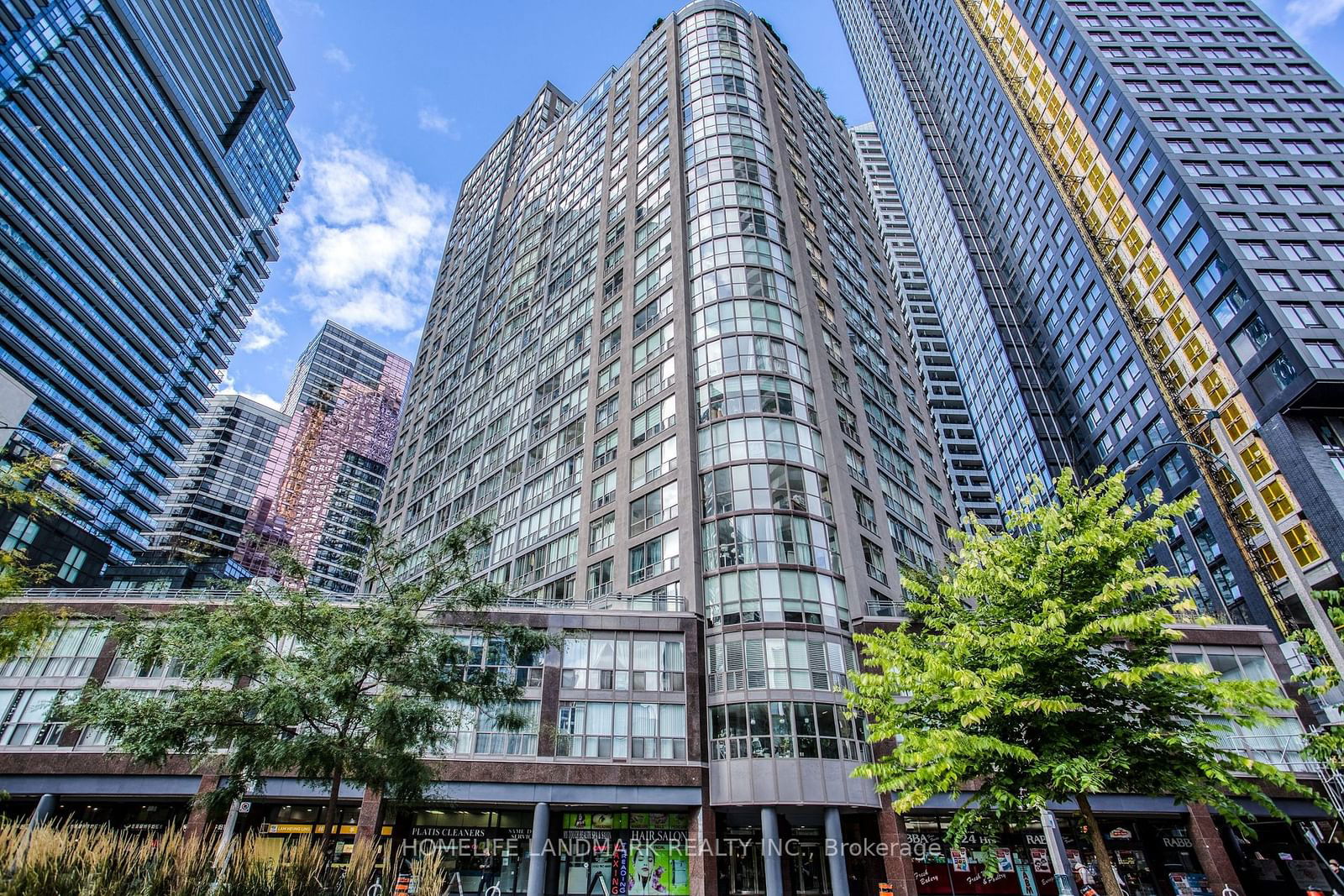 24 Wellesley St W, unit 306 for sale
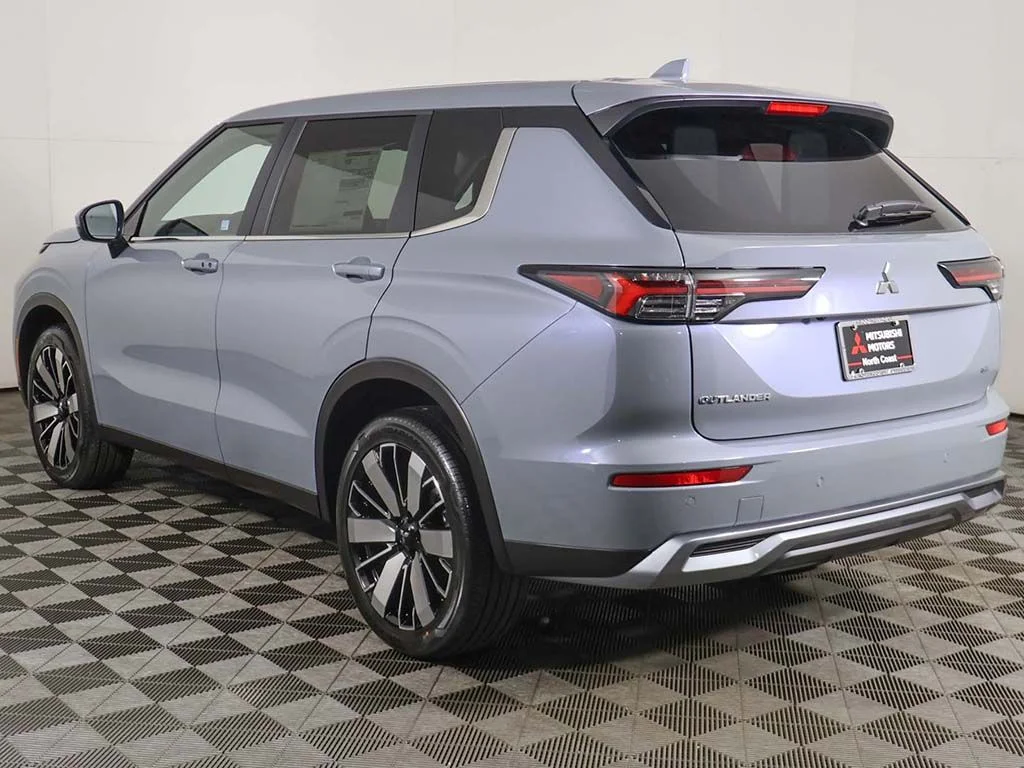 New 2026 Gray Mitsubishi SE 1.5T 2WD image 11
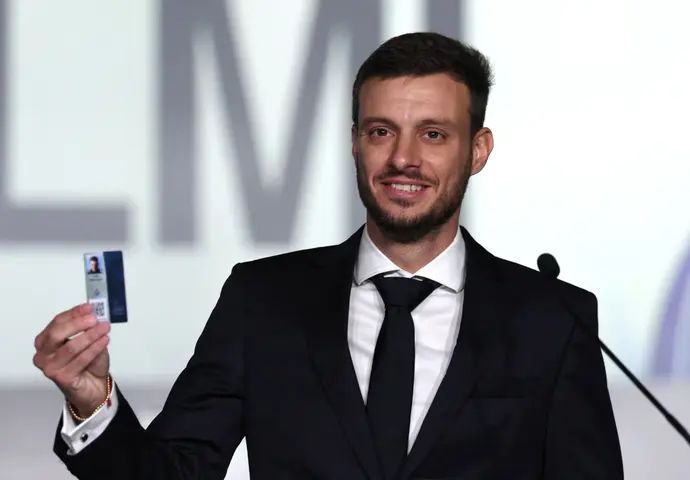 מרטין אנסלמי מוצג כמאמן פורטו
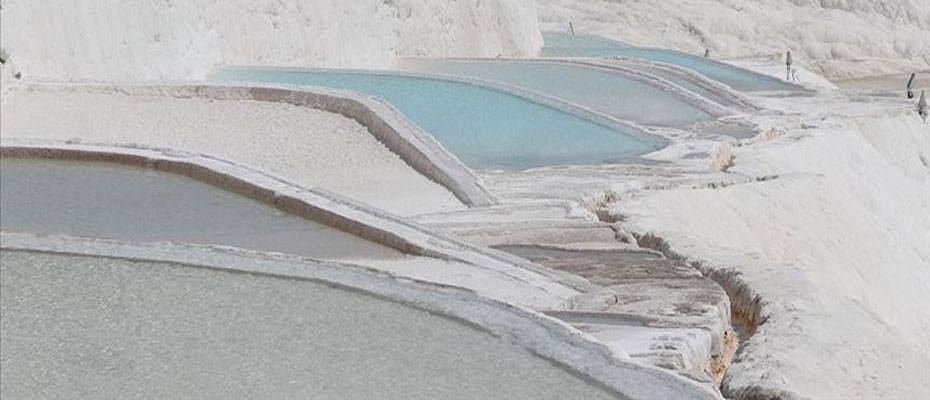 Pamukkale'de sokağa çıkma kısıtlamasının uygulanmadığı ilk cumartesi yoğunluk gözleniyor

━━━━━━━━━━━━━━━━

> **TASK OBJECTIVE**:
Take the lines from the one that contains "New 2026 Gray" through the last line of the material above and reproduce them exactly, leaving out any pictures.

> **ANSWER**:
 New 2026 Gray Mitsubishi SE 1.5T 2WD image 11
 מרטין אנסלמי מוצג כמאמן פורטו
 Pamukkale'de sokağa çıkma kısıtlamasının uygulanmadığı ilk cumartesi yoğunluk gözleniyor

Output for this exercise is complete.